Genevieve picked up the hair dryer. My scalp cringed, anticipating third-degree burns. I'd have stopped her, but the weird thing was that at the end of all of this torture, I'd look great. That was Genevieve's special gift.

“I absolutely
need
to shop,” I said. Shopping has a deeply therapeutic effect when you're trapped in a less-than-ideal life situation.

Shopping with money would have been even better, but hell. Can't have everything.

 

Fort Lauderdale mornings are beautiful. Soft cerulean skies, layered with pink and gold. Smog is kept to a minimum by the fresh ocean breezes. When I stepped outside of the big concrete box of WXTV-38, I had to stop and appreciate it as only a Warden can.

I closed my eyes, lifted my face to the sun, and left my body to drift up to the aetheric level. It was a little hard to do, these days; I was tired, and out of practice, and it felt sometimes like I had more than my share of worries. Hard to get metaphysical when you're tied so closely to the real world.

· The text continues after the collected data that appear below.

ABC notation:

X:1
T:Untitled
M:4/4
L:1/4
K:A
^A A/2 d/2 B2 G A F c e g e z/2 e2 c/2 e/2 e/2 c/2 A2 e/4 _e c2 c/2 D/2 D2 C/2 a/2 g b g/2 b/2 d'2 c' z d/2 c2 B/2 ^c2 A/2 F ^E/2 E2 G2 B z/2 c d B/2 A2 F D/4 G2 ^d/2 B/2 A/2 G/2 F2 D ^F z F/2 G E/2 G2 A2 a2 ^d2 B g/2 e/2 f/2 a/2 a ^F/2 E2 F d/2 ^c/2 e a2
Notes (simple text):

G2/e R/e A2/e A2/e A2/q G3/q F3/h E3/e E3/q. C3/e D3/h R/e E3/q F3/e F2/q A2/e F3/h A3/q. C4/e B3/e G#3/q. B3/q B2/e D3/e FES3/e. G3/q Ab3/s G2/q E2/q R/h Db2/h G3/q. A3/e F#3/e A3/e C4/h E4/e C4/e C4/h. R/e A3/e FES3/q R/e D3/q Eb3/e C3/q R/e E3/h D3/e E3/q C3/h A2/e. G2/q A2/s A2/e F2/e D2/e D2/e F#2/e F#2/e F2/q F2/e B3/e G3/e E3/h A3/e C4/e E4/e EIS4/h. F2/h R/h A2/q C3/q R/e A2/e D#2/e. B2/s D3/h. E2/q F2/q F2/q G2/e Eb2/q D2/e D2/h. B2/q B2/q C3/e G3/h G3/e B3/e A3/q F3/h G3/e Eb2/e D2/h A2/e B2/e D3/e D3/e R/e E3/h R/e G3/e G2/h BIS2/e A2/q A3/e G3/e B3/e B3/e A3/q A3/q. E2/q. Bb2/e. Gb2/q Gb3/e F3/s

Up there on the aetheric, once I'd achieve it, things were serene, too; glowing bands of brilliant color, swirling and moving together, everything lazy and calm. Out toward the sea there was energy, but it was carefully balanced, sea and sun and sky. No storms on the way at the moment, and no rain, regardless of Marvelous Marvin's bogus predictions. Poor Marv. Statistically, he should have been right about eighty-six percent of the time just by predicting sunny and warm in Florida, but no, he had to try to be dramatic about it . . .

Speaking of which, how exactly
did
he beat the odds? He shouldn't. I'd looked at him a dozen times up on the aetheric, though, and he was nothing but what he appeared: an obnoxious normal guy. Blessed with the luck of the entire nation of Ireland, apparently, but a regular human being, not a Warden, no matter how deep-cover. And certainly not a Djinn.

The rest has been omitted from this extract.